Running away doesn't teach you to grow as a person. It doesn't teach resilience or perseverance or strength, which are all important qualities in life.

2. Your problems still exist in this new physical place.

Running away from my problems made me feel empowered. I could simply abandon all the parts of my life that didn't satisfy me. Didn't like a summer job? I could quit. Unsatisfied in a relationship? I could sabotage it and run for the hills.

I wrongly believed that my problems didn't exist in a new physical place. In reality, the things you're running from will linger beneath your mind's surface, haunting any new, relatively similar undertaking.

3. You apply a definitive solution to an ongoing problem.

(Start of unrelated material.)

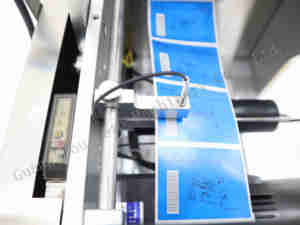 Manuelle Etikett ier maschine für runde Flaschen mit Datums code Hands teuerung Horizontales Fläschchen Etikett ier gerät für kleine Flaschen - Product Image 5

When you run away, you attempt to tie up the loose ends before detangling them. You keep trying to pick up more things and don't understand why you're dropping them. 

Wouldn't life be too easy if solving problems meant you could simply get in your car or hop on a plane and leave? It doesn't take long to realize that emotional ties run deeper than that.

4. It wears away the present.

I've also learned that while you can avoid pain to a certain extent, you can't avoid the bleakness that accompanies it. The biggest danger from running away from your past is what it does to your present. It wears it away.

5. You become afraid to invest.

Unfortunately, I've become afraid to live anywhere or love anything completely. I've become afraid of investing myself into any experience or person. That's the real damage: when you're the person who runs away; you're never fully present anywhere.

6. You start running from yourself.

Running away from your problems leads to more and more problems. You lose sight of who you could've been if you'd actually committed to something, or stuck it out when the going got tough. Instead, you create a world that you have to tip-toe through because it's full of land mines that haven't been dealt with. 

If you're someone who runs away from their problems, my advice is to challenge yourself to stay. Leaving is comfortable, but staying is the challenge.

While you may not be able to go back and work through the issues you abandoned, you can start looking forward and being present in any new venture you take on. In the process, you'll realize that tying up loose ends is the only way to move forward.